■ Work item: Leaving out the pictures, return each line of the entries from the first through the line with "AD9884A. Triple 8-Bit, 140", and only those lines.
Data to use: Begin
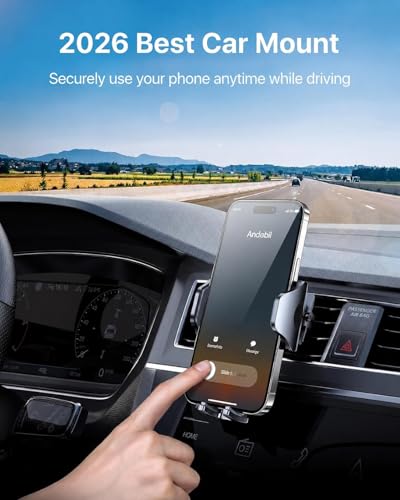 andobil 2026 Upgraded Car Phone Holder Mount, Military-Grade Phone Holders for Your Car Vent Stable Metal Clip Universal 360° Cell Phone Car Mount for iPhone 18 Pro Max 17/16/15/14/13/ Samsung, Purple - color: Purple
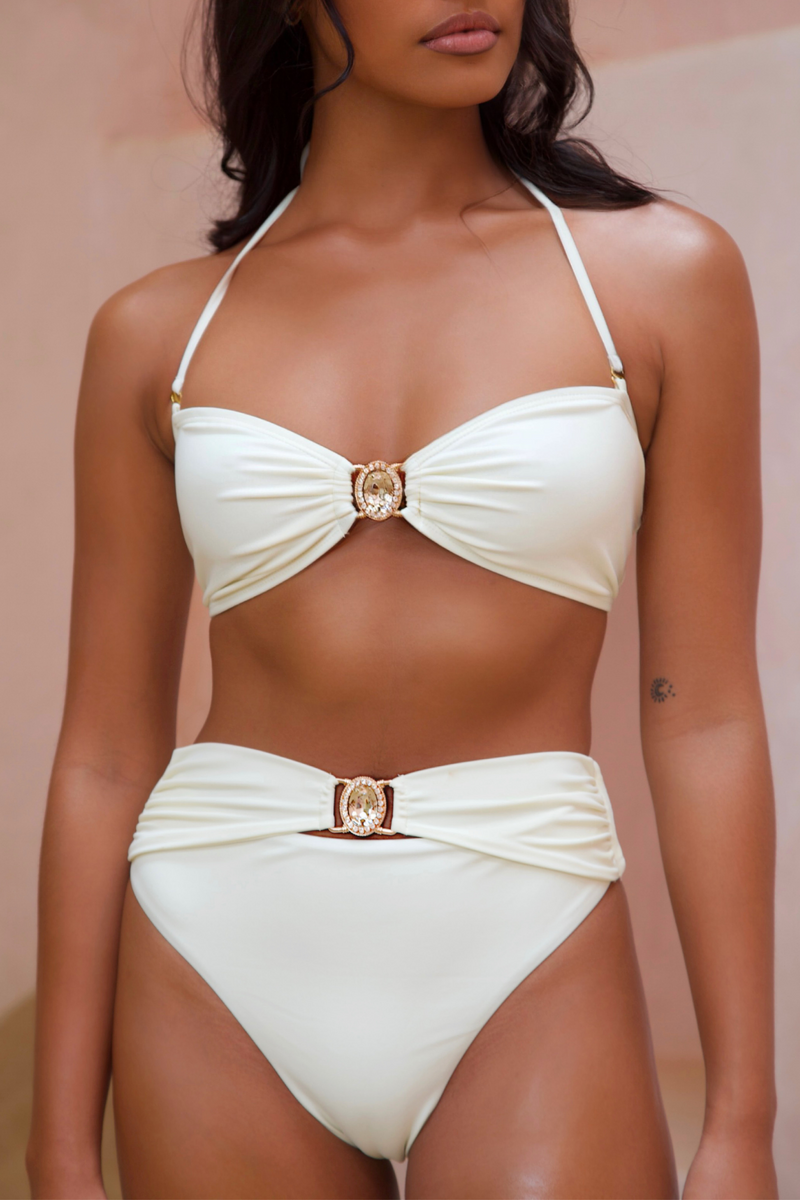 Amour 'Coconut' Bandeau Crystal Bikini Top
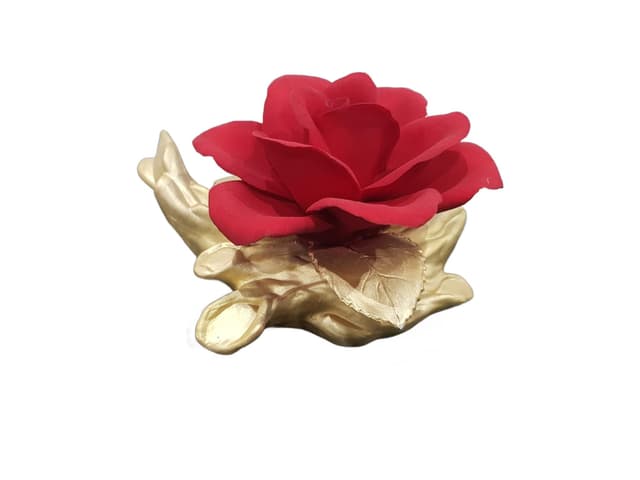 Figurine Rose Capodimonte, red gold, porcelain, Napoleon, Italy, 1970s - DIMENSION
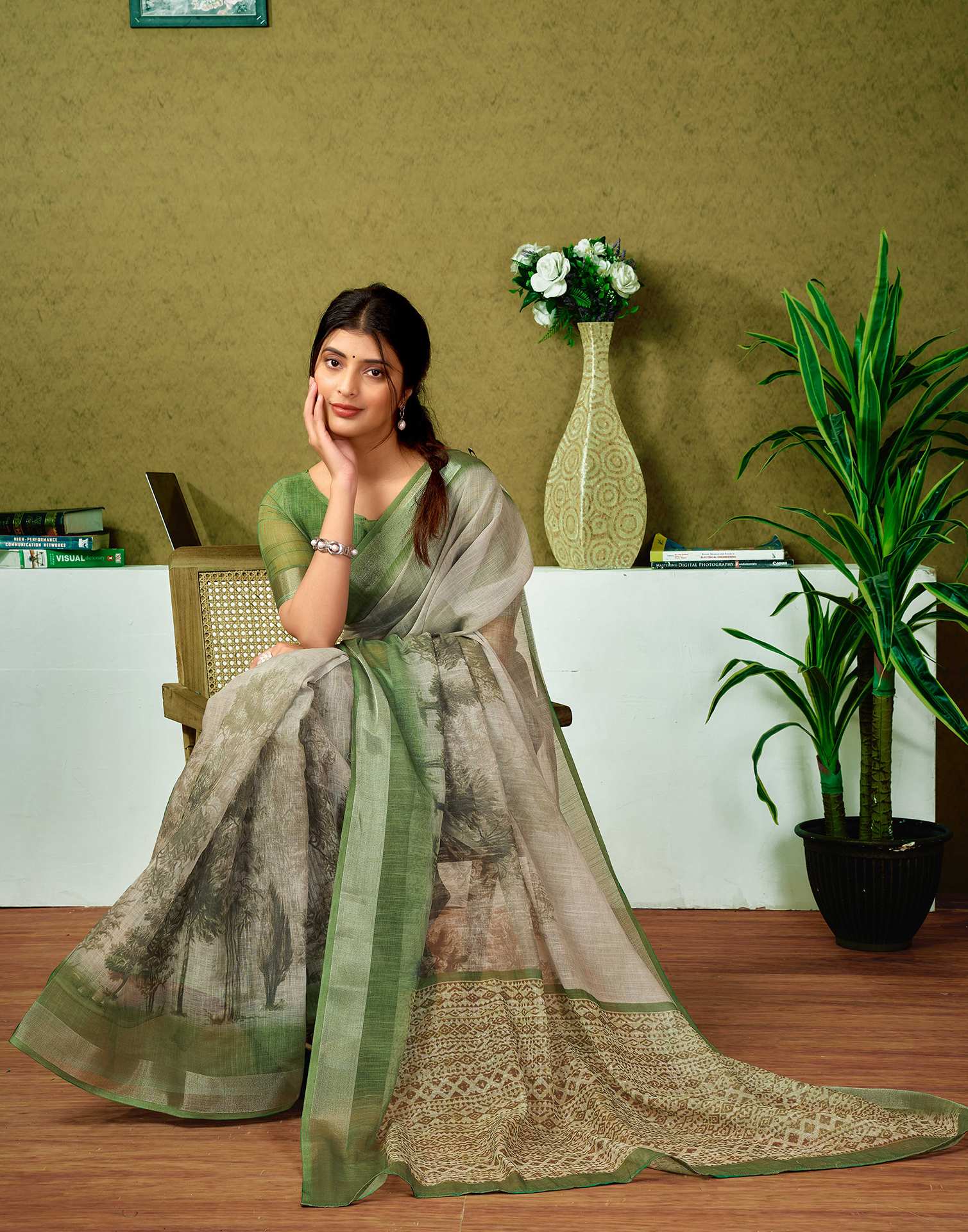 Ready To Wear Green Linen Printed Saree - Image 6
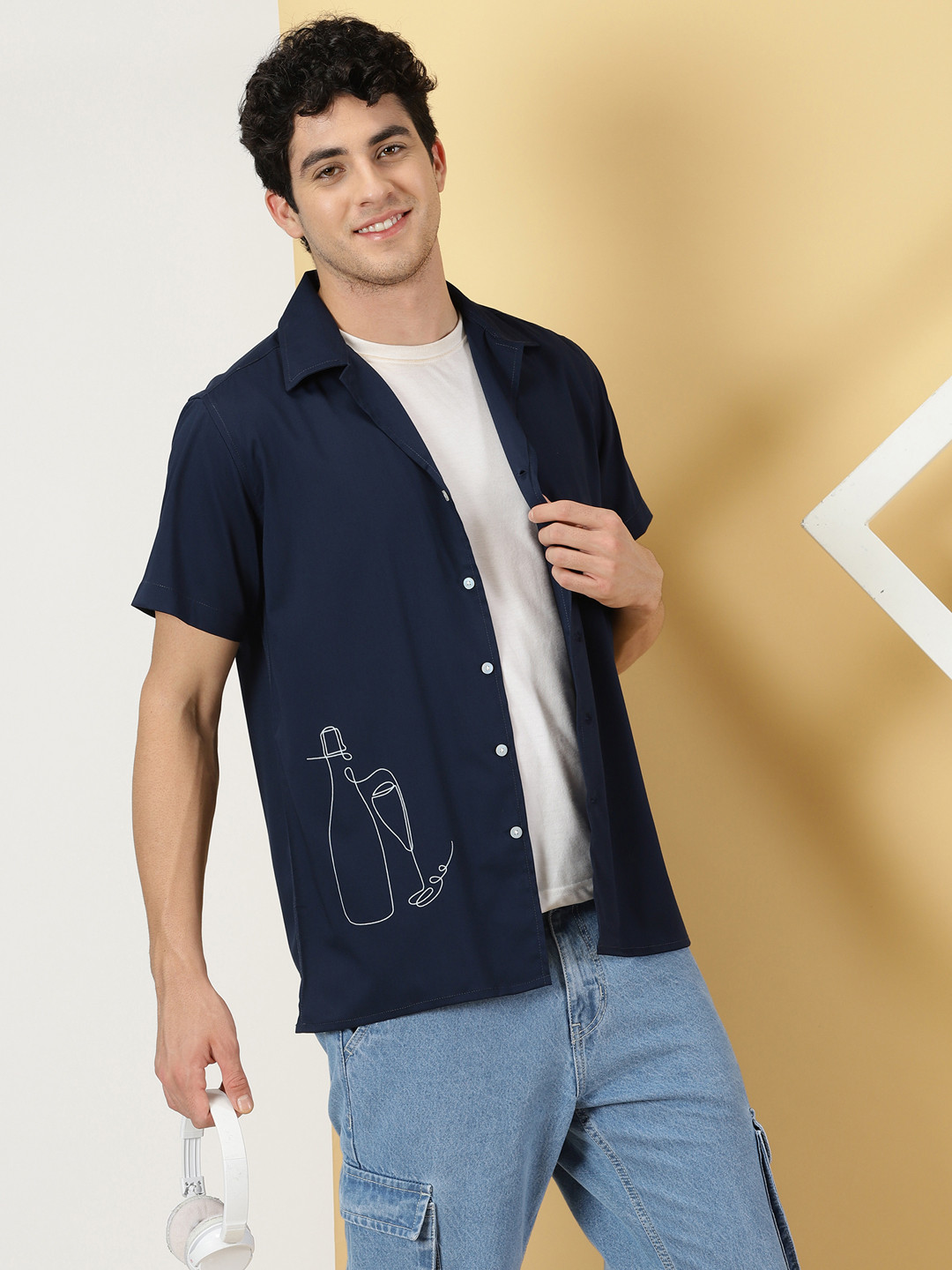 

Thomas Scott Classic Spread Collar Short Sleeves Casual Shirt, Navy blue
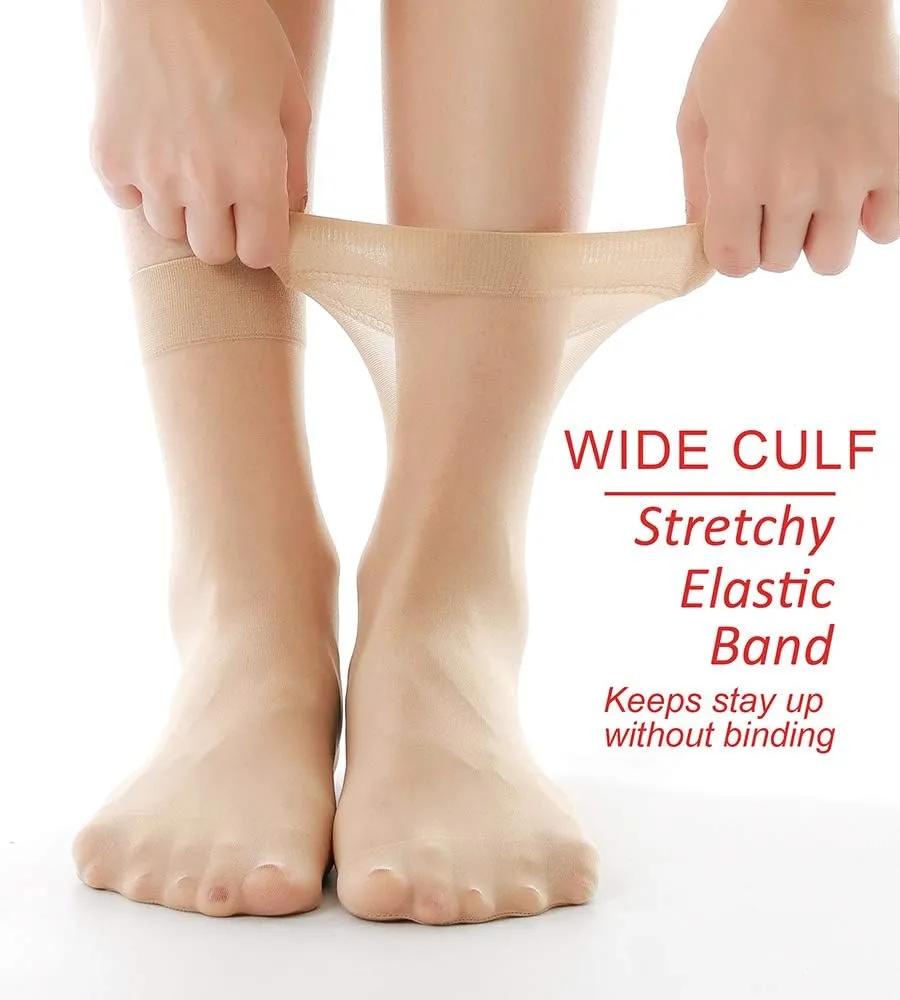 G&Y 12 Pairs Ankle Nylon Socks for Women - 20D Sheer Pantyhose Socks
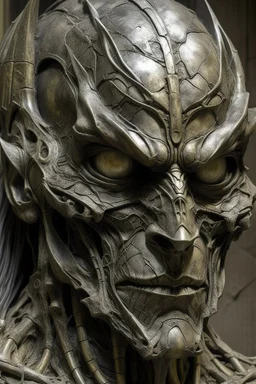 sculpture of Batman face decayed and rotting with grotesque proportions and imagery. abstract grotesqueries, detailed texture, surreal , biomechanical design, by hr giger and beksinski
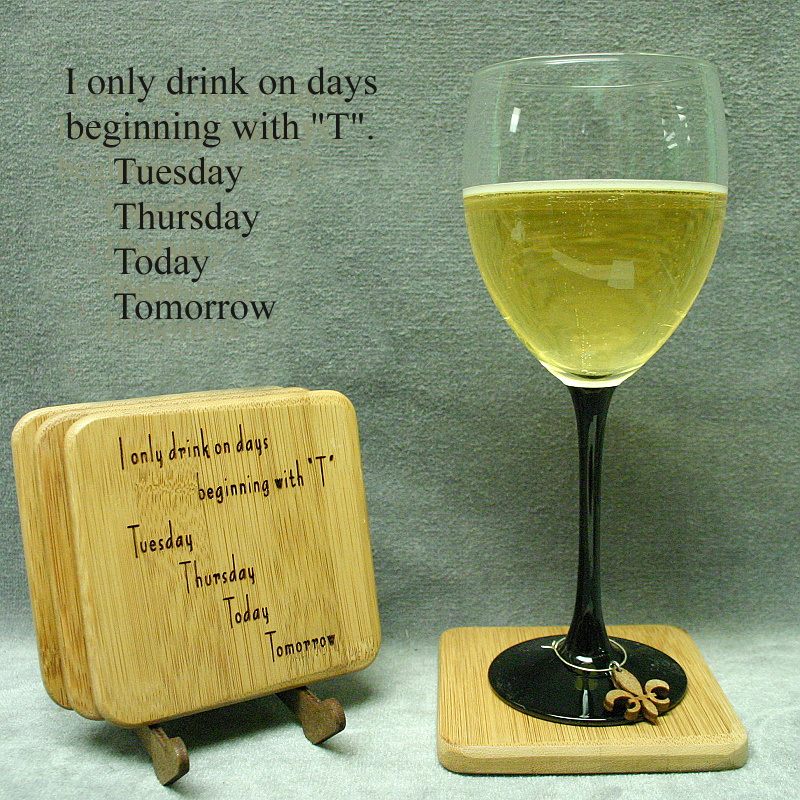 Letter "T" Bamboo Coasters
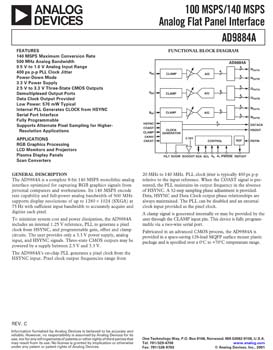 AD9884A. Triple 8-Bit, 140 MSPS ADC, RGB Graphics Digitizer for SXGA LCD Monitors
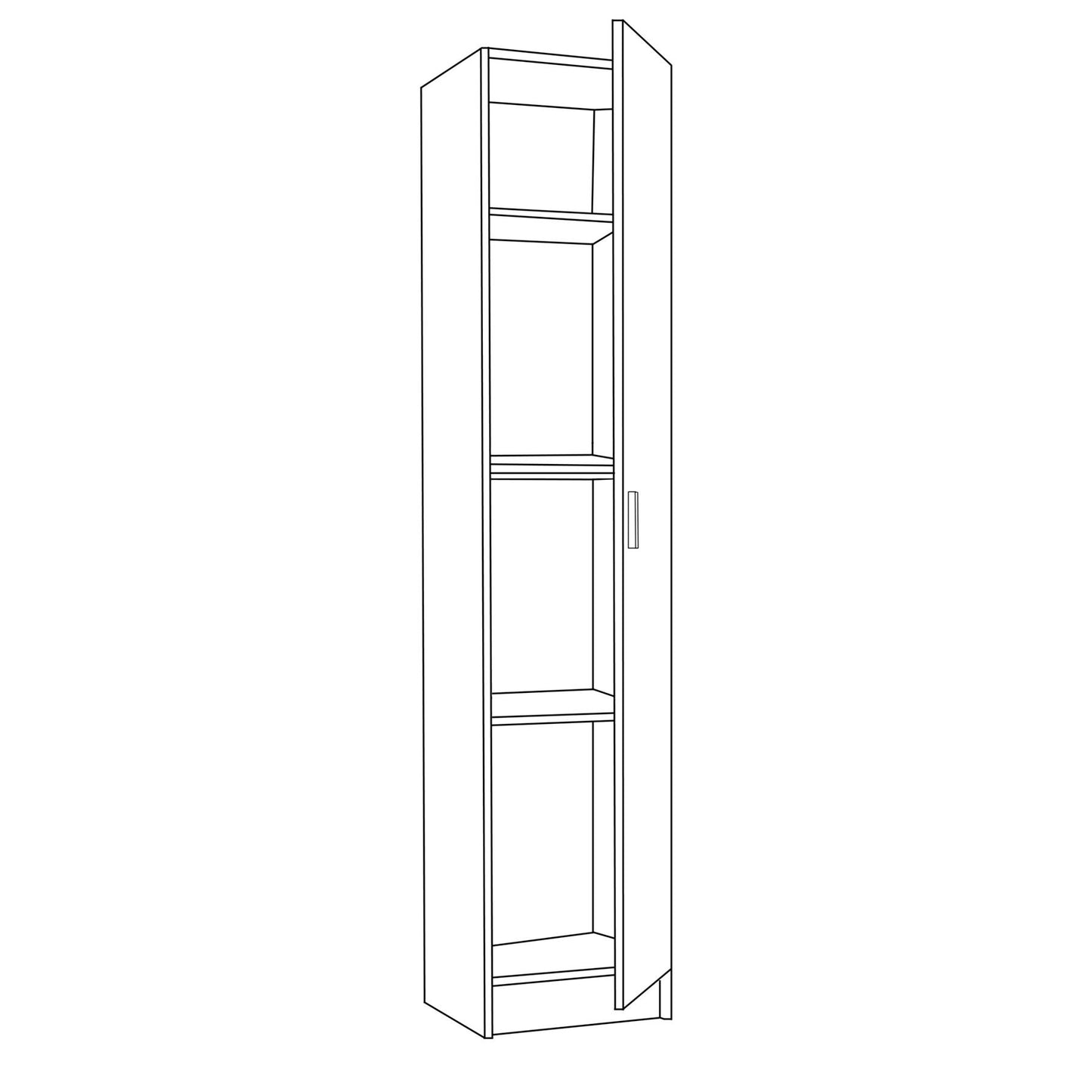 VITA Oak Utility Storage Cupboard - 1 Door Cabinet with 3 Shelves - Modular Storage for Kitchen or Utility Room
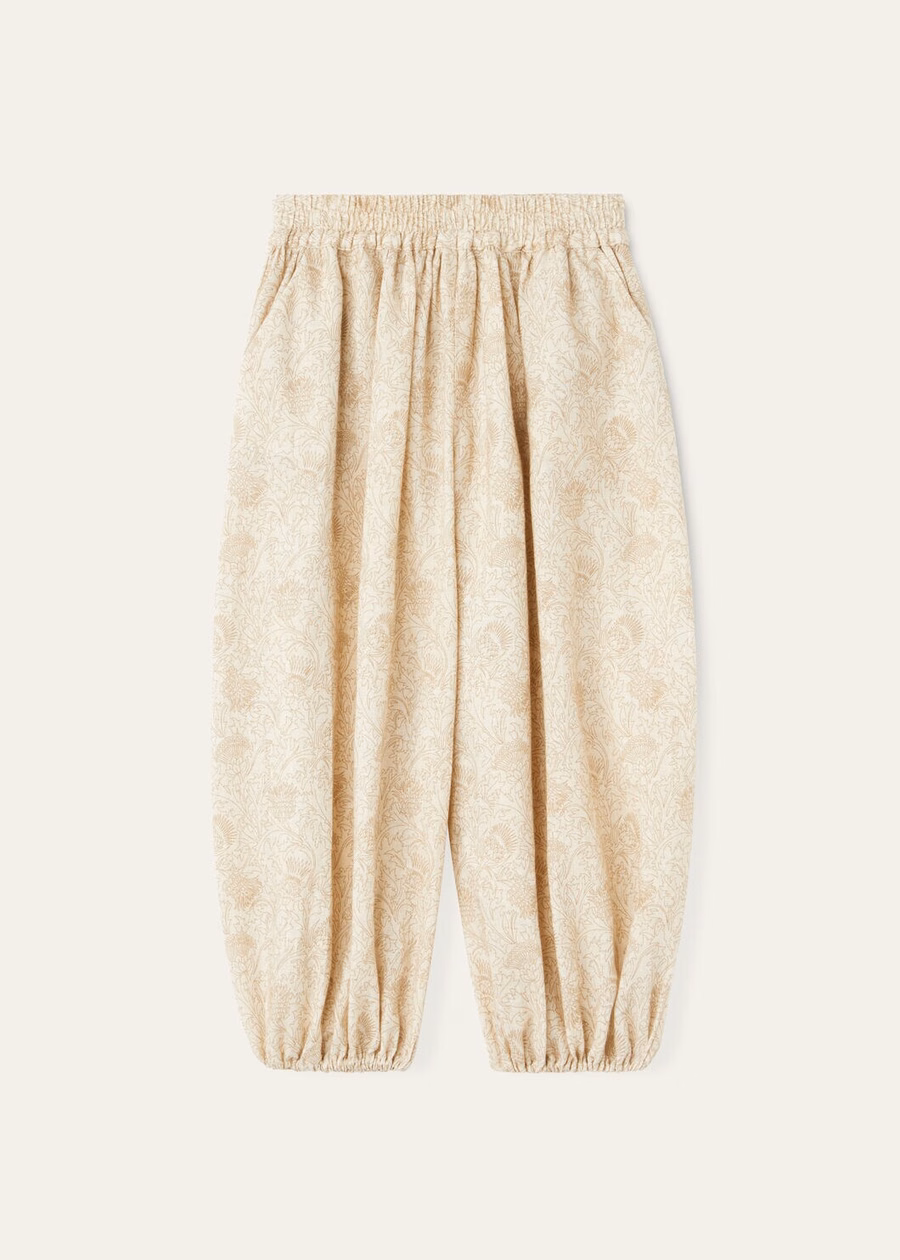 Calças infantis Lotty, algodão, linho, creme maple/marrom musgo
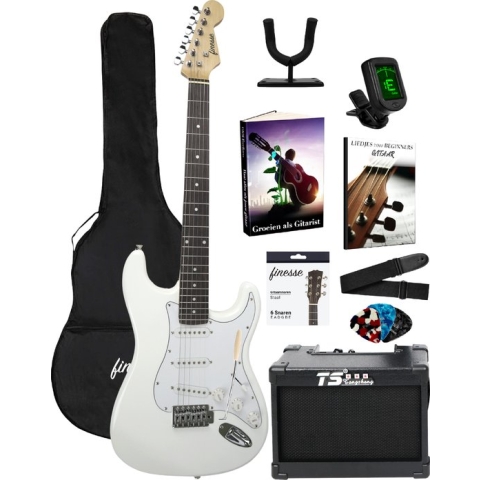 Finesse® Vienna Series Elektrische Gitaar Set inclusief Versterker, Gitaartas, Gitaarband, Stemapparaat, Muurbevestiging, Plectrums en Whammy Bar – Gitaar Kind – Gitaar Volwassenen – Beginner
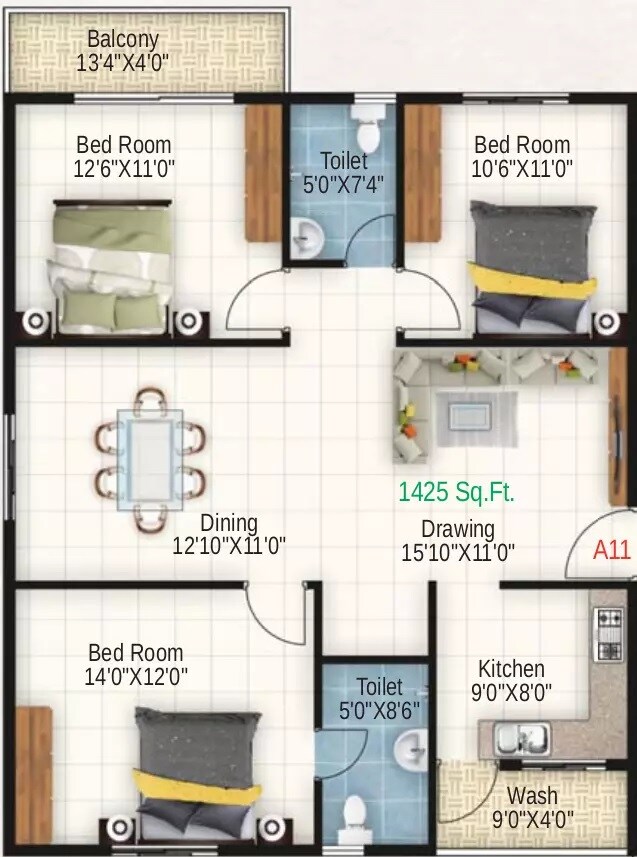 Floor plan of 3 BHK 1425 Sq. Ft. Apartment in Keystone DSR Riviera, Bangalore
Data to use: End
■ Solution to the exercise:
 andobil 2026 Upgraded Car Phone Holder Mount, Military-Grade Phone Holders for Your Car Vent Stable Metal Clip Universal 360° Cell Phone Car Mount for iPhone 18 Pro Max 17/16/15/14/13/ Samsung, Purple - color: Purple
 Amour 'Coconut' Bandeau Crystal Bikini Top
 Figurine Rose Capodimonte, red gold, porcelain, Napoleon, Italy, 1970s - DIMENSION
 Ready To Wear Green Linen Printed Saree - Image 6

Thomas Scott Classic Spread Collar Short Sleeves Casual Shirt, Navy blue
 G&Y 12 Pairs Ankle Nylon Socks for Women - 20D Sheer Pantyhose Socks
 sculpture of Batman face decayed and rotting with grotesque proportions and imagery. abstract grotesqueries, detailed texture, surreal , biomechanical design, by hr giger and beksinski
 Letter "T" Bamboo Coasters
 AD9884A. Triple 8-Bit, 140 MSPS ADC, RGB Graphics Digitizer for SXGA LCD Monitors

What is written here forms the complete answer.